Why does the exact same traumatic event or series of events, affect people entirely differently? Answer, because no two traumatic events and no two people, are ever exactly the same. How two different people respond to their experience of trauma however, is where the similarity ends.
But our responses to the trauma of emotional damage, the damage you cannot see, are the responses that hold us back, ruin marriages, and damage relationships, and a person’s sense of self.
So, think about your life today, your relationships, your marriage, the job you do, your values, the way you live your life. How much of it has been shaped not by trauma, but by your responses to trauma?
Your wife cheated on you with your best friend, for 2 years. Now you no longer trust any woman, let alone your intimate partner. Your Dad hit you when you were a kid. Now you are emotionally withdrawn and unable to feel.
Now is the time to stop choosing to let these experiences define who you are now. Stop using traumatic experiences as a reason for the way you choose to live and experience your life now. Stop blaming your life and your relationships on your pain.

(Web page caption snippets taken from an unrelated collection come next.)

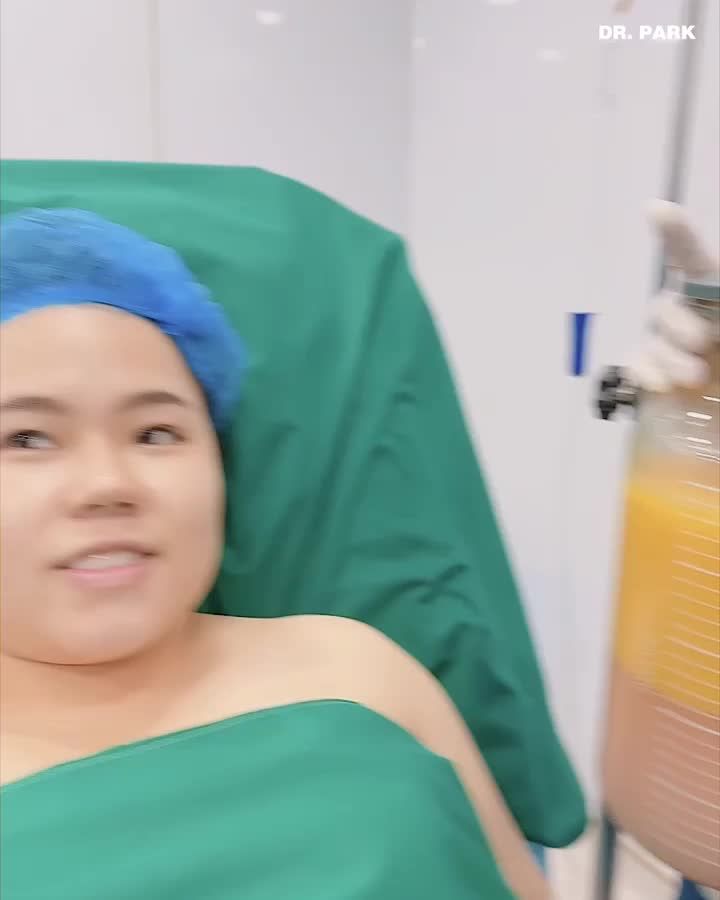 5 LƯU Ý SAU KHI BẠN THỰC HIỆN HÚT MỠ BỤNG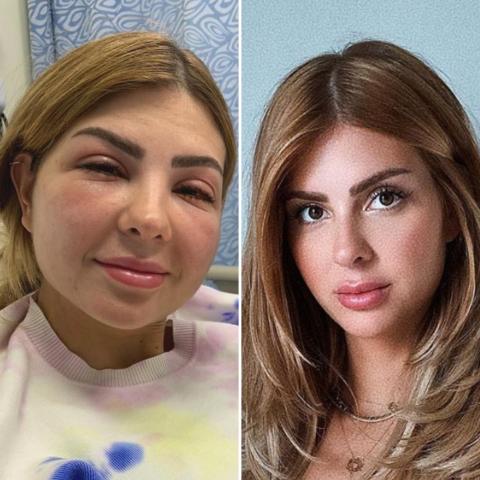 لينا قزيز تظهر بملامح وجه مختلفة &quot;غالباً ما منكون مهووسين أنو نصير أجمل&quot;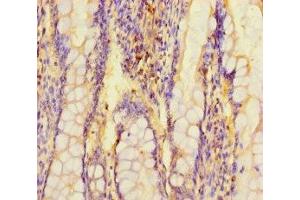 Immunohistochemistry of paraffin-embedded human small intestine tissue using ABIN7143485 at dilution of 1:100 (ARL15 anticorps  (AA 1-204))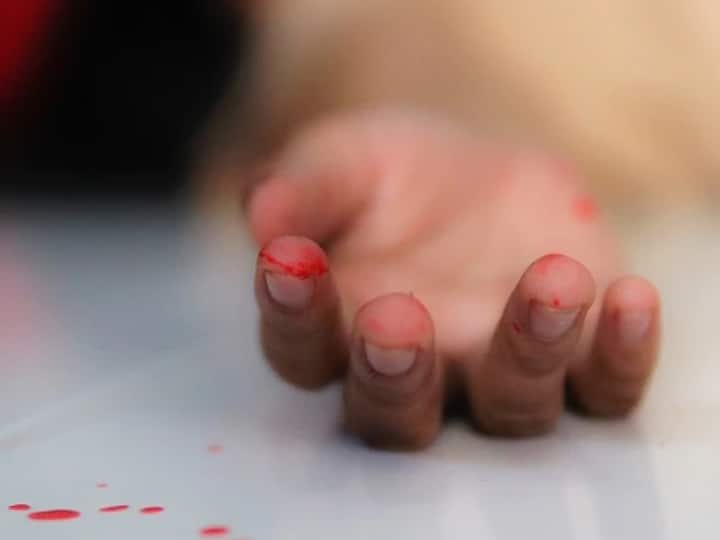 Aravalli News: 2500 रुपये नहीं लौटाने पर युवक का काटा हाथ, पुलिस ने किया एक को गिरफ्तार Aravali Hand cut off for not returning 2500 rupees Gujarat Aravalli News: 2500 रुपये नहीं लौटाने पर युवक का काटा हाथ, पुलिस ने किया एक को गिरफ्तार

I never said it was easy. It’s an energetic shift that is required. Risk and vulnerability are needed, courage and persistence, new patterns of relating need to be formed in the neural pathways of our brains. Practices of wellbeing and shifts in the way we choose to think about and respond to what has happened to us need to begin and continue. Be kind to each other. We have all experienced trauma.
Bad sh*t happens to good people and not so good people alike. It’s how you choose to respond that matters.